PROVIDED MATERIAL START

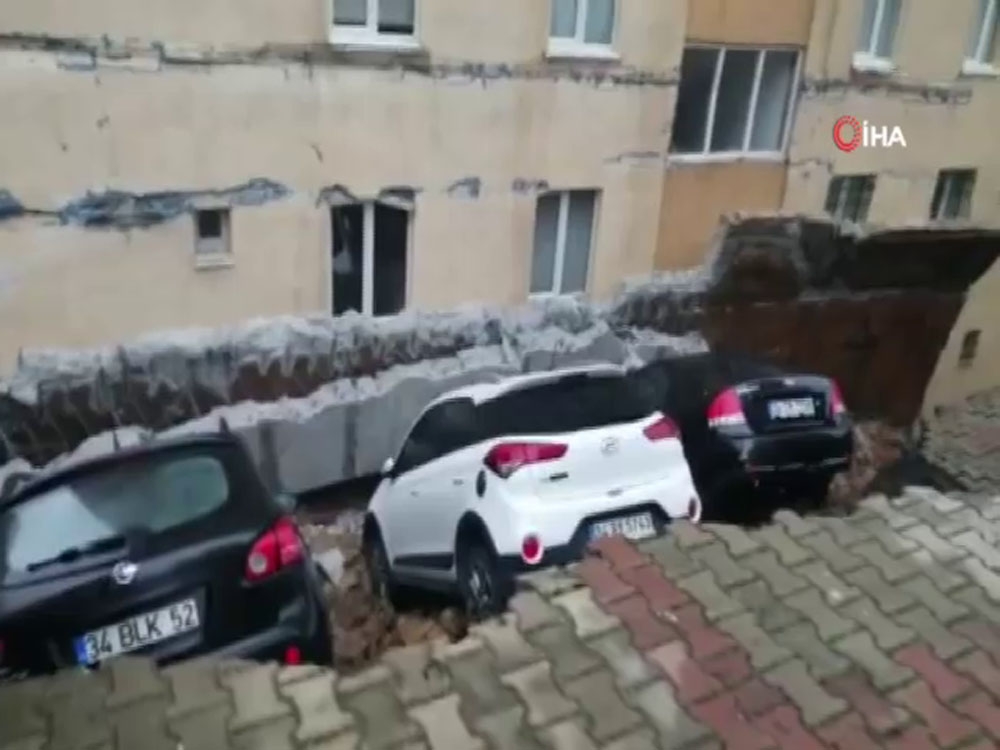 Kartalda Site Otoparkında İstinat Duvarı Çöktü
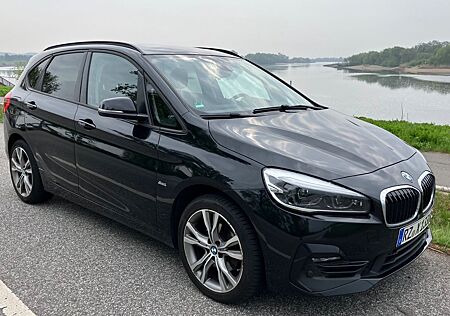 BMW 2er 220d xDrive Sportline Vollaust.Garantie Service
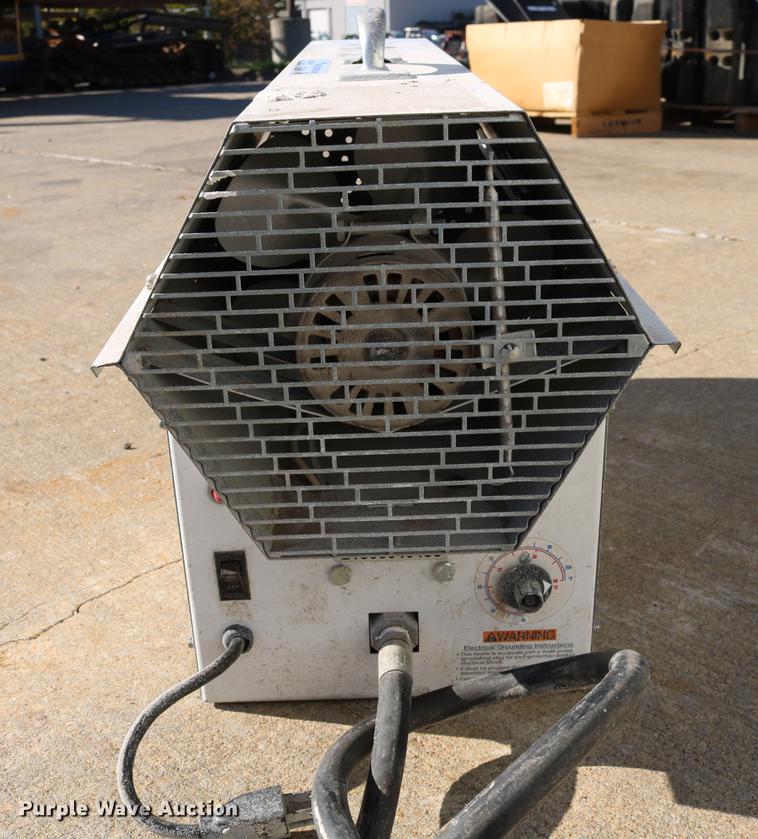 image for item EE9801 2009 Tradesman 155 Ultra propane heater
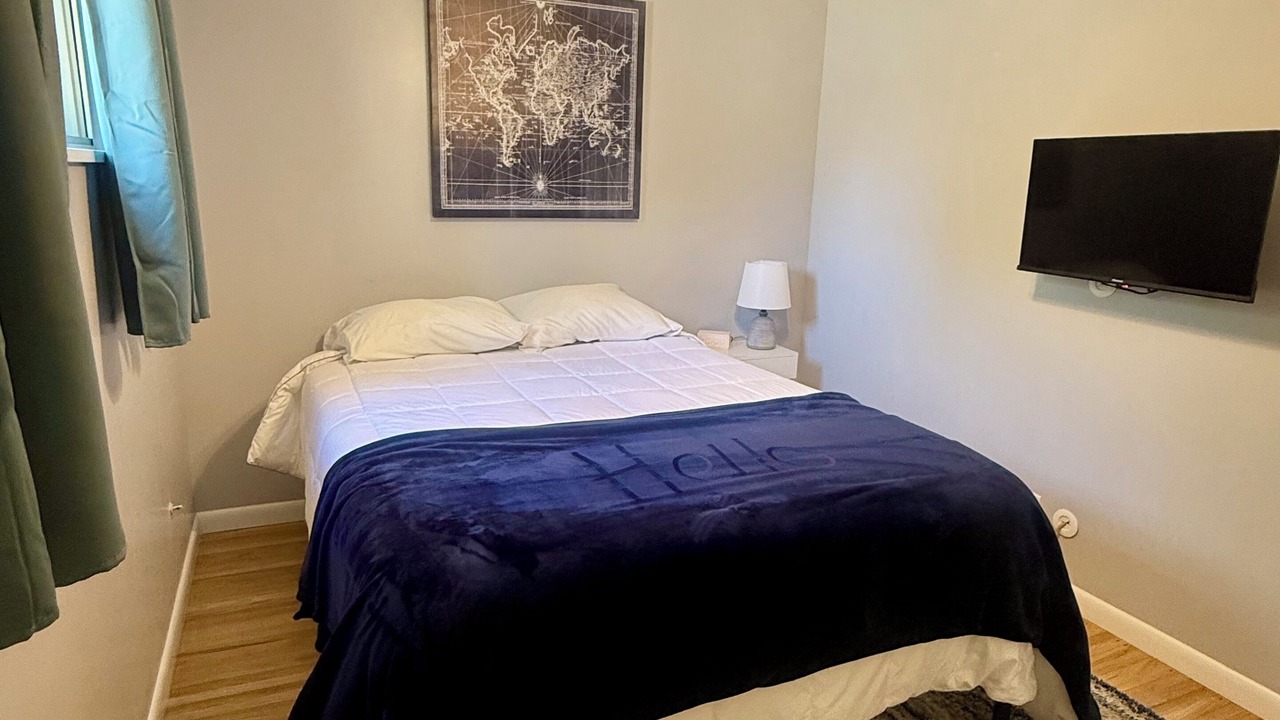 Photo of Bedroom in Northeast Heights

PROVIDED MATERIAL END

YOUR OBJECTIVE ▸ Retype the listing above exactly, pictures excluded.

RESULT FOR THIS TASK ▸
 Kartalda Site Otoparkında İstinat Duvarı Çöktü
 BMW 2er 220d xDrive Sportline Vollaust.Garantie Service
 image for item EE9801 2009 Tradesman 155 Ultra propane heater
 Photo of Bedroom in Northeast Heights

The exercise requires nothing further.